Al-Shammari noted that Iraq’s prime minister, defense minister, and national security adviser have all emphasized that the country does not need the presence of foreign forces as it enjoys ample defense capabilities.
He said when Iraq was badly in need of American troops and advisers, they were of no use and their presence was not a source of any benefit to Iraqis.
“The Americans are changing the title of their presence in Iraq to deceive the public,” he said. “What good can come out of changing the title of ‘occupier’ to ‘adviser’? American troops are present in Iraq; what difference does it make under what title and pretext their presence is defined?”
He reiterated that Iraqi resistance forces will continue to target American forces because “nothing has changed from the perspective of al-Nujaba Movement and Iraq does not need American forces.”
The remarks come while Iraqi Prime Minister Mustafa al-Kadhimi is scheduled to meet President Joe Biden on Monday to push for a concrete timetable for the withdrawal of US troops.
Currently, there are approximately 2,500 US troops in Iraq. In April, the two countries agreed that the US transition to a train-and-advise mission requires the withdrawal of combat troops, without setting a timetable for the withdrawal.
Pentagon and other administration officials say they will remove a small but unspecified number of the American forces currently stationed in Iraq, and by reclassifying on paper the roles of other forces.
Summing up the situation, the New York Times said al-Kadhimi will have a political trophy to take home to satisfy anti-American factions in Iraq and the US military presence will remain.

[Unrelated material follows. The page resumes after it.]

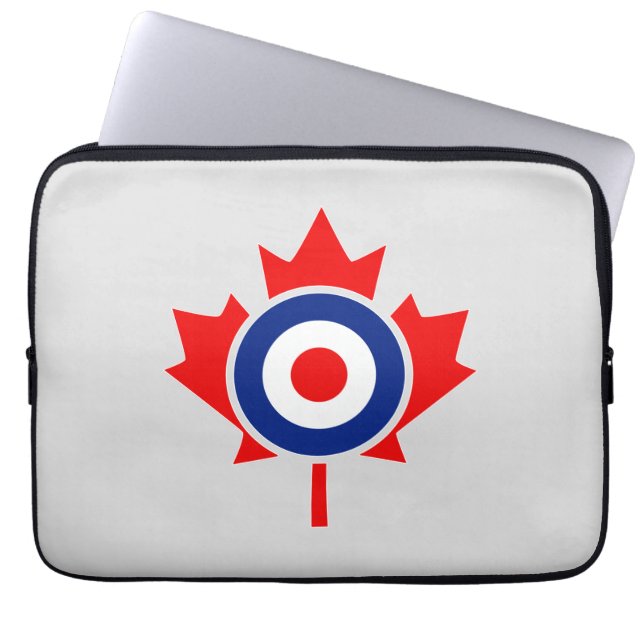 Canadian Maple Löv Roundel Mod BLUE Laptop Sleeve (Framsidan)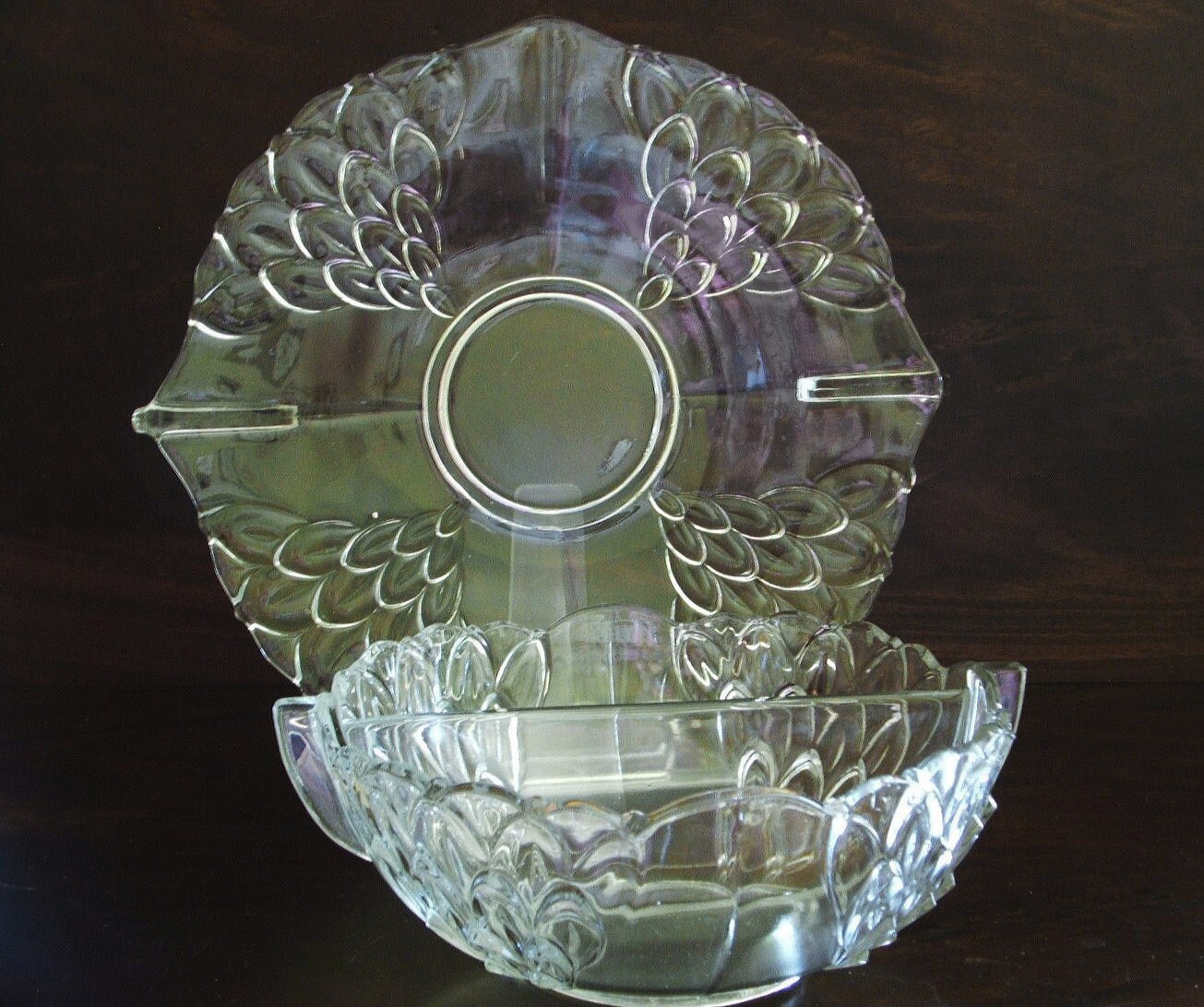 Divided Serving Bowl & Plate, Raised Petal Elegant Glass, clear, dining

But while giving al-Kadhimi temporary political cover, a reclassification of US forces rather than a drawdown likely won’t satisfy the Iraqis and political parties calling for a withdrawal of all troops, the paper said citing Iraqi officials.
“Changing their name from combat forces to trainers and advisers — we consider it as an attempt at deception,” said Mohammad al-Rubai’e, political spokesman for Asaib Ahl al-Haq, which maintains 16 seats in the Iraqi parliament.
‘One side is lying’
“We have told the American side to withdraw all foreign forces from Iraq. But the Americans say the Iraqi government has requested the keeping of foreign military forces,” al-Shammari said.

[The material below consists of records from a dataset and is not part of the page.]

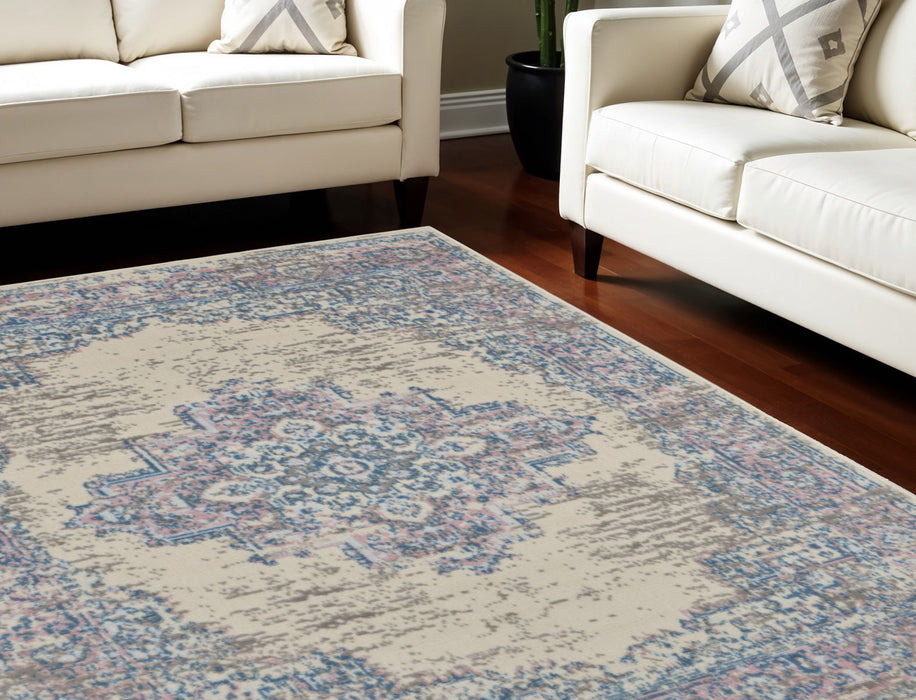 9' X 12' Floral Medallion Distressed Non Skid Area Rug - Pink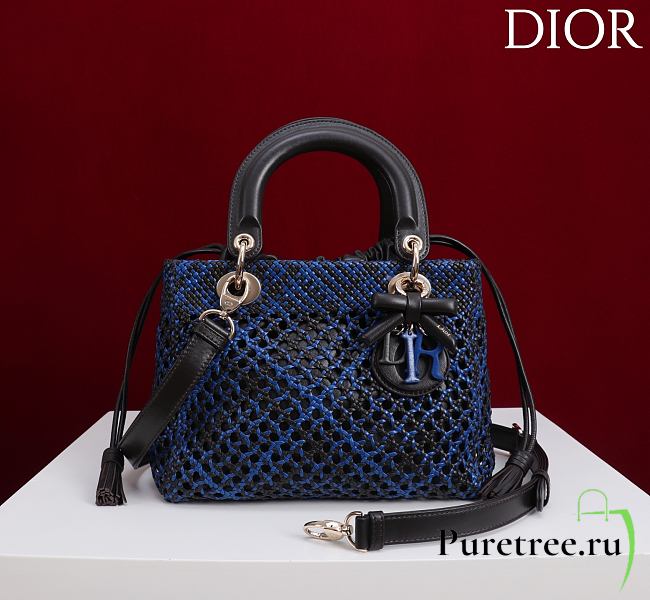 DIOR | Medium Sac Lady Bag Woven Calfskin In Blue/black - 1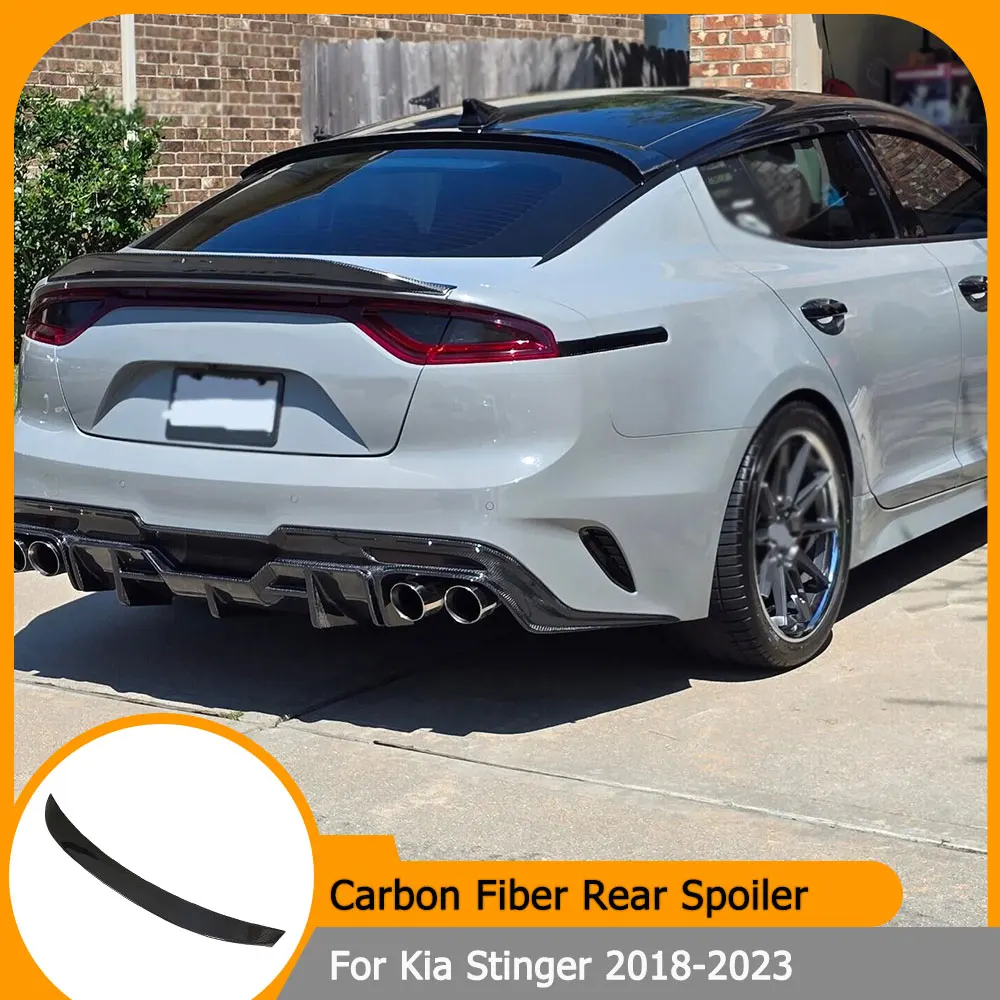 

Carbon Fiber Rear Spoiler Wing For Kia Stinger 2018-2023 Rear Trunk Boot Spoiler Wing Body Kits Wing Lip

“I’m sorry to say this, but one of the two sides is lying, and it seems to me that the Americans are more credible,” he added.
Iraq’s Foreign Minister Fuad Hussein sparked controversy after he said Baghdad still required Washington’s help and called for maintaining bilateral security cooperation.
“We need to work with the International Coalition, led by the United States, against the terrorists of Daesh,” Hussein said during a joint press conference alongside his US Secretary of State Antony Blinken in Washington on Friday.
“We need cooperation in the field of intelligence. We need help with training. We need troops to help us in the air.”
Al-Shammari said the Iraqi foreign minister’s remarks run counter to the approach of the country’s security authorities.
“Surprisingly, instead of referring to experts, the foreign minister speaks of Iraq’s need for American troops and advisers,” he said.
Al-Shammari, on the other hand, praised Iraq’s national security adviser Qasim al-Araji for describing the full US withdrawal as a historic day.
“All factions must take a stand similar to that of Mr. al-Araji because Iraq currently has high military capabilities and an experienced army that was able to defeat Daesh,” he added.